Trip 1, Day 6 – The Day That Changed Everything

Posted Saturday December 21, 2019 by Greg Smith

Trip 1, Day 6 – The Day That Changed Everything

Journal Entry – Thursday August 4, 2011

I have an image burned in my mind.  It has haunted me all afternoon, and I suspect it will haunt me for a long time to come.

It is an image from Cite Soleil.

Cite Soleil means “Sun City.”

Sounds pretty exotic.

It’s not.

Cite Soleil lies on the outskirts of Port-au-Prince.  It is the worst slum in the nation of Haiti, where 300,000 of the poorest of the poor live in indescribable conditions.  It is often referred to as “the dump.”

I had been trying to imagine what exactly could be worse than anything we’d already seen in Port-au-Prince itself.  I couldn’t have even begun to imagine this.

Bethany summed it up best when she said, “I didn’t know anything like this actually existed anywhere in the world.”

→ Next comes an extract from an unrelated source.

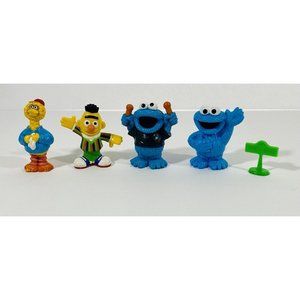 Sesame Street Lot Big Bird Cookie Monster Bert The Muppets Jim Henson Figures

The visuals – and the smells – would be haunting enough, but that’s not what got to me.  What got to me was the fact that among the throngs that crowded us and followed us to the house dedications – the throngs of little children who wanted to hold your hand, give you gifts of little trinkets they had made, and have their picture taken so you would not forget them – among these children there were children that I now know.  They have been with us for four days.  I know their names, I have sat and had broken English-to-Creole, Creole-to-English conversations with them.  They have hugged us, they have shown us their gratitude and their amazing smiles.  And now I see the world in which they have returned to, and the world in which they live.

And I know their names.

As I sit here writing this, I can recount dozens of names in my head of children I now know in Cite Soleil.

The image that haunts me is from my last look back as I headed to the bus.  In the midst of the hovels and the scattered debris was Christela DeBouquette, smiling and waving goodbye, and then turning and walking into what I presume must be her home.

Dear God.

I’m glad the storm did not come in, but even under the best of conditions, I think about where all those kids – the 200 HFHC kids, and the 100,000+ other children in Cite Soleil – are laying their heads down tonight – while I go back to my comfy little U.S. culture that knows nothing of these children, or the lives that they are living.

Goodnight, children.  I will not forget you.  WE will not forget you.  We will be back.  And we will keep on doing whatever we can to make things right.  To make things better.  To give you hope.  And to make sure you know that you are loved.